“Naturally. Well, I have thought of that, too, and here is suggestion number three: I have a cousin—a cousin of my first wife’s—who lives on Pinckney Street, which is not far from the Misses Cabot’s school. This cousin—Mrs. Wyeth is her name—is a widow and she hasn’t too much money. She doesn’t keep a boarding house exactly, but she has been known to take a few of what she calls ‘paying guests.’ She’s very Bostonian and very particular concerning the references and family connections of those guests, but I think I could manage that. If your niece were placed in her care she would have a real home and meet only the sort of people you would wish her to meet.”
He might have added that Mrs. Wyeth, being under many obligations, pecuniary and otherwise, to her wealthy Chicago relative, would need only a hint from him to give Mary-’Gusta the care and attention of a parent, a very particular, Boston first-family parent.

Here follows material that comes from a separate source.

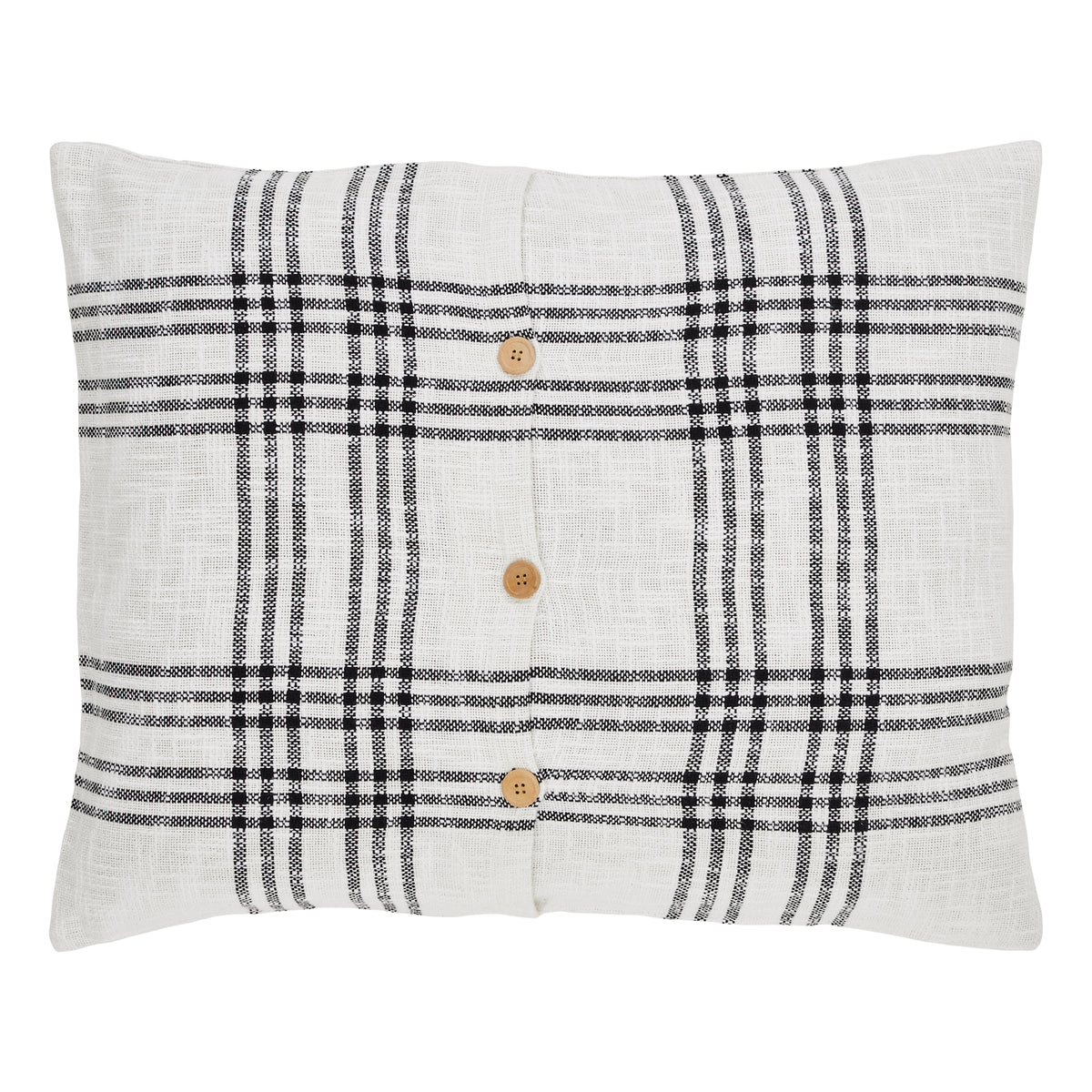 Black Plaid Standard Sham 21x27, Set of 2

But, unlike his present wife, he was not in the habit of referring to his charities, so he kept this information to himself.
Zoeth sighed. “I declare,” he said, “you’re mighty kind in all this, Mr. Keith. I know that you’re sartin this goin’ away to school would do Mary-’Gusta a sight of good. But—but I swan I—I can’t hardly bear to think of our lettin’ her go away from us.”

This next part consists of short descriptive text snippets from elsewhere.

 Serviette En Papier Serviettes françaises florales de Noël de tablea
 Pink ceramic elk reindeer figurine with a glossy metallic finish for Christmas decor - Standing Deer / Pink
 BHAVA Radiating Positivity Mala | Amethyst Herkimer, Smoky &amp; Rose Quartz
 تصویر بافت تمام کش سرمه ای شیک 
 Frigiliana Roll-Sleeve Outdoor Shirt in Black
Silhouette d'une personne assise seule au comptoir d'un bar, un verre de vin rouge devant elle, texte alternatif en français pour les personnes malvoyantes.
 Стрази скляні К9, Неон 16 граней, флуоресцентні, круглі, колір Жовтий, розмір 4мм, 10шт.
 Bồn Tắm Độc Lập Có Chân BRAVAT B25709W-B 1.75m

“I don’t wonder at that. Just think it over and we’ll have another talk later.”
CHAPTER X
Mr. Keith and the Captain had that later talk—several talks, in fact—and a week after their first one Captain Shadrach suddenly announced that he was cal’latin’ to run up to Boston just for a day on business and that Mary-’Gusta had better go along with him for company. Zoeth could tend store and get along all right until they returned. The girl was not so certain of the getting along all right, but Mr. Hamilton as well as the Captain insisted, so she consented at last. The Boston trip was not exactly a novelty to her—she had visited the city a number of times during the past few years—but a holiday with Uncle Shad was always good fun.
They took the early morning train and reached Boston about ten o’clock. Shadrach’s business in the city seemed to be of a rather vague nature this time. They called at the offices of two or three of his old friends—ship-chandlers and marine outfitters on Commercial Street and Atlantic Avenue—and then the Captain, looking at his watch, announced that it was pretty nigh noontime and he cal’lated they had better be cruisin’ up towards Pinckney Street. “Got an errand up in that latitude,” he added.
Pinckney Street was on the hill in the rear of the Common and the State House and was narrow and crooked and old-fashioned.
“What in the world are we doing up here?” queried Mary-’Gusta. “There aren’t any wholesale houses here, I’m sure. Haven’t you made a mistake, Uncle Shad?” Shadrach, who had been consulting a page of his pocket memorandum book, replied that he cal’lated he’d got his bearin’s, and, to the girl’s astonishment, stopped before a brick dwelling with a colonial doorway and a white stone step which actually shone from scrubbing, and rang the bell.